The movie, which came out in 2012 on Lifetime, was loosely based off the novel Gaby wrote (as most movies usually are). There are plot lines added for dramatic effect, however, many of the words whispered about Gaby by her classmates were taken directly from Gaby’s journal.

It was bound to happen.”

What a waste of a life, she can forget about college.”

“I’m not surprised.”

In an excerpt from Gaby’s memoir, she states after hearing that comment, “Really? Why were they not surprised? What had I ever done to indicate that I was irresponsible or didn’t have my priorities straight?” In the book and in the movie, Gaby noted that her reputation immediately changed in the eyes of her classmates and teachers.

During one scene, Gaby overhears two girls discussing not eating in order to lose weight for prom. “I don’t want to look like a fat cow!” one girl announces. To this her friend responds stating that no one’s going to look as awful as Gaby. “Can you imagine going to prom pregnant? They’re going to look ridiculous.” The two girls finish their conversation by explaining that they would, “rather be dead than pregnant...it’s the same thing. Your life is over anyway. You have to have brain damage to get pregnant in high school.”

As a viewer, that’s the part that really got me. “You have to have brain damage to get pregnant in high school.” Really?

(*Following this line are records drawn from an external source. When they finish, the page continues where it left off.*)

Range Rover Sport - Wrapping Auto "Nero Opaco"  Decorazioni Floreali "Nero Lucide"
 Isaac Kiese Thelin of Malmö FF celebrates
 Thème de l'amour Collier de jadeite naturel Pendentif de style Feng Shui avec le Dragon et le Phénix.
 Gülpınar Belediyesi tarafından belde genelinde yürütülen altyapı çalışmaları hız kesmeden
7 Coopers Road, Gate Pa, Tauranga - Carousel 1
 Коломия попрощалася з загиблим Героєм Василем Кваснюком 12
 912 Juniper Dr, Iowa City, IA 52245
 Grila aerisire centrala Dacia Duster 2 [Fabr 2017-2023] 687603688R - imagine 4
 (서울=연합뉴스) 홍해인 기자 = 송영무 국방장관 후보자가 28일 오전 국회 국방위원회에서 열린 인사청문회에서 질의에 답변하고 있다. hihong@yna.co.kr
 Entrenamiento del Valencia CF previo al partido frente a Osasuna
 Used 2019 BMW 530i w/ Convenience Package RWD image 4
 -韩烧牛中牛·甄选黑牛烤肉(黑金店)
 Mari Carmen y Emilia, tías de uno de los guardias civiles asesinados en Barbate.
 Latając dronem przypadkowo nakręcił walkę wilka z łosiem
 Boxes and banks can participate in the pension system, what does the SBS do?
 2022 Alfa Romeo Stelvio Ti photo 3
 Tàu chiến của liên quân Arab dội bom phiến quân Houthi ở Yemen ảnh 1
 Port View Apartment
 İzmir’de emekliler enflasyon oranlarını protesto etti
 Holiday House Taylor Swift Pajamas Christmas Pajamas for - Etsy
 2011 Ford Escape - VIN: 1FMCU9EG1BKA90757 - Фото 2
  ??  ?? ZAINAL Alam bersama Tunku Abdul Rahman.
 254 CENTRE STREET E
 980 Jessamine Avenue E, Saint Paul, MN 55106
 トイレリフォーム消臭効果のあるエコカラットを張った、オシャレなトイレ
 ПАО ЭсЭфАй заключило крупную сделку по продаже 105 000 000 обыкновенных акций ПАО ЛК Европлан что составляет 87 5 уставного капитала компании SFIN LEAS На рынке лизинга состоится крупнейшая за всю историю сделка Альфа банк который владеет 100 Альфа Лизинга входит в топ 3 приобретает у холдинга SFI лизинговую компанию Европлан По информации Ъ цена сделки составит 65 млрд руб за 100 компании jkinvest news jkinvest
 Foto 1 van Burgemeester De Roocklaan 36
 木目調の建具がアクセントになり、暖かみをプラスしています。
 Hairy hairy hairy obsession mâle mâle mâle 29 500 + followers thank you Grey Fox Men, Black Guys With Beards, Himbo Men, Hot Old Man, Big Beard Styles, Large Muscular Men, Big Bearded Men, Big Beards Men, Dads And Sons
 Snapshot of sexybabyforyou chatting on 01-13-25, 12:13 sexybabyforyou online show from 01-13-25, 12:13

The CDC reported in 2013 that 46.8% of high school students are sexually active. Now, to the parents reading this, don’t roll your eyes. We can all pretend to be naive all we want, but chances are you were sexually active in high school as well. To say that someone is stupid for getting pregnant, in my opinion, is wrong. You could do all the right things-- wear a condom, be on birth control, but you know what? Mistakes happen. What if the condom breaks? What if “the pill” doesn’t pull through? A 92% effectiveness rate is not 100%... I mean, it’s not rocket science. The risk of pregnancy is there.

After Gaby overheard this conversation in the bathroom, she changed her project to not only look at the statistics of pregnancy but the stereotypes that go along with them.

In the movie, there is another character, Tyra, who is also pregnant. Through Gaby’s friendship with Tyra, she learns the real struggle of being a pregnant teenager-- she has to face the struggles of raising a child by herself. Tyra takes Gaby to the Goodwill shop, where she has to shop for maternity clothes. “They should make maternity clothes for teenagers.” Immediately, Gaby responds,”No they shouldn’t!” And I too had the same reaction. But then I thought about it.

What I say next, I have to be really careful with. I don’t want to say teenage pregnancy is wrong, but I also don’t want to say it’s right. As a teenager myself, I know the last thing I could handle right now is pregnancy and eventually caring for another human being. But, if I were to become pregnant and chose to keep my child, I would want some clothes to wear and I bet you would too. The thing is, teenage pregnancy should never be something to strive for, but if a young girl does become pregnant, she shouldn’t be punished by the rest of society for that.

At the end of the movie, Gaby reveals to the student body during an assembly that she is not actually pregnant.

“Stereotype,” she begins, “a generalization usually exaggerated or oversimplified and often offensive that is used to describe or distinguished a group. A stereotype is like a box that people put us in so that they don’t have to deal with the real person. We shouldn’t slap labels on people and make them disappear into little boxes.”

As Gaby states, “I know that getting pregnant young is not the best thing…” But to punish a young girl who is already facing probably one of the toughest moments in her life isn’t okay. To tell a young girl who has hopes and aspirations that she is stupid and might as well give up on her future is wrong. If someone tells you something enough, you begin to believe it yourself. If you are told enough times that you’ll never go to college, chances are you’ll never go to college. Society needs to stop seeing pregnant teenage girls as pregnant and start seeing them as teenage girls and more so, as human beings.